De plus, l’administration Bush compte de plus en plus ouvertement sur les commandes du Pentagone et l’augmentation massive du budget militaire pour relancer l’économie. Dans les deux cas, les Etats-Unis obéissent à la logique de leur position d’unique super-puissance. Cela peut se comprendre: ce n’est pas lorsque l’on s’est hissé au sommet du pouvoir que l’on en sape les bases!
Il en va tout autrement pour Poutine. Certes, la signature du traité lui confère une aura internationale dont il peut aussi se prévaloir en politique intérieure. L’accord d’association avec l’OTAN qui sera signé mardi prochain à Rome va aussi dans ce sens. Mais cela ne résout pas son problème financier, ni la nécessité où il se trouve d’entretenir une armée démesurée et coûteuse par rapport à ses objectifs politiques. Cela implique que des armements sophistiqués sont condamnés à rouiller sur place faute de maintenance et que les accidents du type Koursk peuvent se multiplier.

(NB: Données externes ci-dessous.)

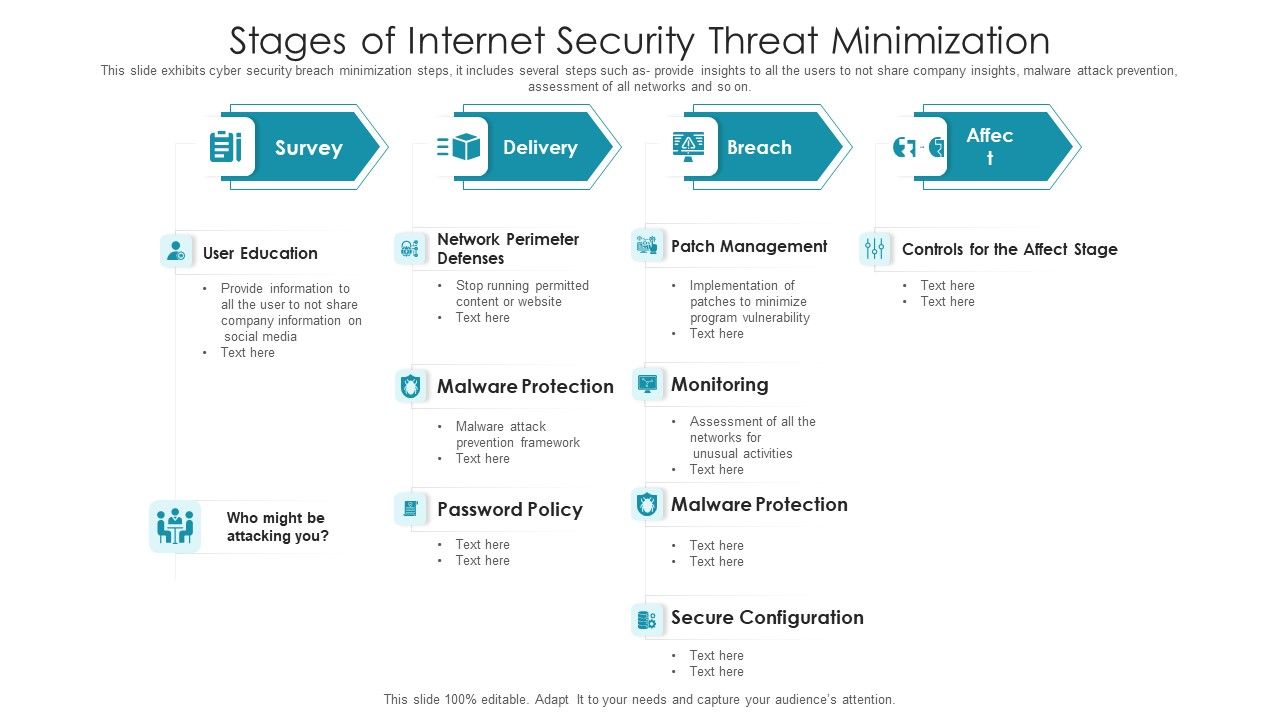 Stages_Of_Internet_Security_Threat_Minimization_Summary_PDF_Slide_1.jpg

De plus, le poids politique du complexe militaro-industriel russe n’est plus ce qu’il était. Issu des services secrets, Poutine gouverne avec eux, en s’appuyant sur eux. Ce sont les hommes formés par le défunt KGB qui détiennent le pouvoir et ils se sont montrés capables de neutraliser la mauvaise humeur des militaires.
Poutine et ses amis ont eu le génie de comprendre le 11 septembre dernier qu’ils avaient une chance historique à saisir en s’engouffrant dans le boulevard ouvert à la lutte contre le terrorisme. Ils l’ont saisie au quart de tour: Poutine a été l’un des premiers à se ranger derrière Bush. Et à rappeler sa propre contribution à la lutte contre l’islamisme en Tchétchénie.
Il a prouvé sa sincérité et donné des gages en laissant les Américains prendre pied en Asie centrale et dans le Caucase. En échange, on le laisse libre de façonner son pouvoir au sein même de la Russie.
Après avoir mis au pas la presse en liquidant la télévision d’opposition TV6 en début de l’année, il est en train de s’en prendre à son principal adversaire politique, le parti communiste, afin de dégager la voie pour les élections de 2004.
Ce n’est pas George W. Bush qui va le lui reprocher, pas plus qu’il va lui reprocher la destruction méthodique d’un pays appelé Tchétchénie et le génocide qu’y commettent les forces spéciales russes.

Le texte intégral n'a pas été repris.